(Dataset items)
■ ■ ■ ■ ■

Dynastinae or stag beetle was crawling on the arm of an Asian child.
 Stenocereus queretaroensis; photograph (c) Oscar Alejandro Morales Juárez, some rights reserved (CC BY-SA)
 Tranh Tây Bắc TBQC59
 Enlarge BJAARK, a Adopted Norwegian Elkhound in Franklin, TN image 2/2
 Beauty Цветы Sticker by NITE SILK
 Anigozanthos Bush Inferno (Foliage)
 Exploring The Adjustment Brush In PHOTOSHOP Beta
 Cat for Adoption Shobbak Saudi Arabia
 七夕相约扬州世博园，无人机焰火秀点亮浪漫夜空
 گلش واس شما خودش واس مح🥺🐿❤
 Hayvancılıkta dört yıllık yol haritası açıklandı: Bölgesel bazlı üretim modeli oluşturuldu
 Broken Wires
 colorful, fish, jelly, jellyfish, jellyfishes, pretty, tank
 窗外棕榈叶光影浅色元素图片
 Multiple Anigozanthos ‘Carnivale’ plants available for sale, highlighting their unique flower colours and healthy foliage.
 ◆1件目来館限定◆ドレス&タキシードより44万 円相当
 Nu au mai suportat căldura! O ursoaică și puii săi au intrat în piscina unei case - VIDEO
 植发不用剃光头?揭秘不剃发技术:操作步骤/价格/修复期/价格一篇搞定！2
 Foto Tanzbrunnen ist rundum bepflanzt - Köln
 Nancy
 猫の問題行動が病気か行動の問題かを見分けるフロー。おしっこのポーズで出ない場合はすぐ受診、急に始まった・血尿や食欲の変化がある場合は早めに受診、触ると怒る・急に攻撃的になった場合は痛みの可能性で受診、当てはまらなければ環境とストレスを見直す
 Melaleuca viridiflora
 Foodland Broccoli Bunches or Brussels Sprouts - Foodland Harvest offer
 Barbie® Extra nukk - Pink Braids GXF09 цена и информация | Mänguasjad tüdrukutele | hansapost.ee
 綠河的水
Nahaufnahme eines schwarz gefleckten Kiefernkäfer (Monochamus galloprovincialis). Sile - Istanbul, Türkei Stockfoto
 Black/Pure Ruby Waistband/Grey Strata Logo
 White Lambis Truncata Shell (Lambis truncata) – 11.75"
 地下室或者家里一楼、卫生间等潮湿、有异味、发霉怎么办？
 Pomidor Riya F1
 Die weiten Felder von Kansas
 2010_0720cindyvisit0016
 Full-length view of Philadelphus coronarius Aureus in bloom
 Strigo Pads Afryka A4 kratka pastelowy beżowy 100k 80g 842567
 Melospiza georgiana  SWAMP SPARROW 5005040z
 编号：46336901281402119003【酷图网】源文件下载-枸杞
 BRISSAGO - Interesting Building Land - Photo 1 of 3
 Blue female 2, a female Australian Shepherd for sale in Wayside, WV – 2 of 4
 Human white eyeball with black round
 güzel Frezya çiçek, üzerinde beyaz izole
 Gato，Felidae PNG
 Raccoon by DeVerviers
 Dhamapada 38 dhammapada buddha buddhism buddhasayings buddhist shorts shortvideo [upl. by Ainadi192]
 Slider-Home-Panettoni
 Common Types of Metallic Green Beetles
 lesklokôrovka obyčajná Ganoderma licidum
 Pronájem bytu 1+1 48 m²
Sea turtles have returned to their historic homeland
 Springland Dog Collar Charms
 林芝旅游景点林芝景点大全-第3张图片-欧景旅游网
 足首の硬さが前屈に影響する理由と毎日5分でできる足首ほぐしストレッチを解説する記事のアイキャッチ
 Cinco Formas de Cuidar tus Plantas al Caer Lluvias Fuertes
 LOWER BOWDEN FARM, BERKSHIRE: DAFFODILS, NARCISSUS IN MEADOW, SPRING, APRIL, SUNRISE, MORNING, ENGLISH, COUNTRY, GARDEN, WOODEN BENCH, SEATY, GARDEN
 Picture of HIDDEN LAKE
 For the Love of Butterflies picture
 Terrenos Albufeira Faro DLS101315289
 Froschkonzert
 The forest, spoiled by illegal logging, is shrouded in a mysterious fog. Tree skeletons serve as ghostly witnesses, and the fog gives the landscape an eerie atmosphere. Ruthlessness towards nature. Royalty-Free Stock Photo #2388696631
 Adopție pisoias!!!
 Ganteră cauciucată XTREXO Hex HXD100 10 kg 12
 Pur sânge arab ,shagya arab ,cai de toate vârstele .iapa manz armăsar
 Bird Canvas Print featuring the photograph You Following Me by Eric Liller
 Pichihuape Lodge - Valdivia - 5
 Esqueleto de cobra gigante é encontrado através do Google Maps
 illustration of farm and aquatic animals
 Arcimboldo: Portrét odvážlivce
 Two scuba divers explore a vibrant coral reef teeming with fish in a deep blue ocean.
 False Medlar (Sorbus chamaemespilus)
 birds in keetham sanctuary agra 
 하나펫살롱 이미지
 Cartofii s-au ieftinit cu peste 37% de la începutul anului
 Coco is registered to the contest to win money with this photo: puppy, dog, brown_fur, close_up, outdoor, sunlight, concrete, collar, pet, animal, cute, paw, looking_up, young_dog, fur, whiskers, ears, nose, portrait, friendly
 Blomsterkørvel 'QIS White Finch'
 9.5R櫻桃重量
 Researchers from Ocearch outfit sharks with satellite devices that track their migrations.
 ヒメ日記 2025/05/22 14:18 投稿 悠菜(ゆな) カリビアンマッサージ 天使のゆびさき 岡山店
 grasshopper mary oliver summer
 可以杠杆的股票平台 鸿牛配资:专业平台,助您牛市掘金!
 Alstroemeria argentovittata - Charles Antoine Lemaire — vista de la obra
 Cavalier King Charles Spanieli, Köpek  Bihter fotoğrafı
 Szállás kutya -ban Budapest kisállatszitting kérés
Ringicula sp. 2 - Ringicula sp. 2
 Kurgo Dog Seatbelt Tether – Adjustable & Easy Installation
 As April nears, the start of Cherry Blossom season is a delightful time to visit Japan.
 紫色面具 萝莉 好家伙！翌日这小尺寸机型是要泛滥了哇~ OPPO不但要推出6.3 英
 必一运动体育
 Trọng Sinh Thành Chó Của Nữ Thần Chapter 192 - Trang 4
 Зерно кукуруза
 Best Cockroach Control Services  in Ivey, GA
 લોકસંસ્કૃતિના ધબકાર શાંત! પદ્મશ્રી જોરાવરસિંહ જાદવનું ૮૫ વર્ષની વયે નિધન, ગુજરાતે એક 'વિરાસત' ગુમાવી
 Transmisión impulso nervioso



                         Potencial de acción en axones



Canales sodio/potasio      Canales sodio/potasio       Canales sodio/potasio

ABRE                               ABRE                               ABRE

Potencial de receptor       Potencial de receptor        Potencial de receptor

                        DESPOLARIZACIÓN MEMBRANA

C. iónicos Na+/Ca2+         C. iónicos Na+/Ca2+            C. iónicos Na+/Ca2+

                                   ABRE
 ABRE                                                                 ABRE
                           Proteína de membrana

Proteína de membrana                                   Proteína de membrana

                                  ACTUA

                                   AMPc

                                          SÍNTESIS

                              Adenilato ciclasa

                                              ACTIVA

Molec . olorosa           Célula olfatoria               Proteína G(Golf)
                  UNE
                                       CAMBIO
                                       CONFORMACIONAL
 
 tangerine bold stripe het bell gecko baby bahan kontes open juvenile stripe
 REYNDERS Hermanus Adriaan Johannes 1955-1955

■ ■ ■ ■ ■

TASK REQUIREMENTS: After locating the line holding "Pur sânge arab" above, output exactly that line and every line after it through the line holding "Researchers from Ocearch". Include nothing else.

RESPONSE FOR THIS EXERCISE:
 Pur sânge arab ,shagya arab ,cai de toate vârstele .iapa manz armăsar
 Bird Canvas Print featuring the photograph You Following Me by Eric Liller
 Pichihuape Lodge - Valdivia - 5
 Esqueleto de cobra gigante é encontrado através do Google Maps
 illustration of farm and aquatic animals
 Arcimboldo: Portrét odvážlivce
 Two scuba divers explore a vibrant coral reef teeming with fish in a deep blue ocean.
 False Medlar (Sorbus chamaemespilus)
 birds in keetham sanctuary agra 
 하나펫살롱 이미지
 Cartofii s-au ieftinit cu peste 37% de la începutul anului
 Coco is registered to the contest to win money with this photo: puppy, dog, brown_fur, close_up, outdoor, sunlight, concrete, collar, pet, animal, cute, paw, looking_up, young_dog, fur, whiskers, ears, nose, portrait, friendly
 Blomsterkørvel 'QIS White Finch'
 9.5R櫻桃重量
 Researchers from Ocearch outfit sharks with satellite devices that track their migrations.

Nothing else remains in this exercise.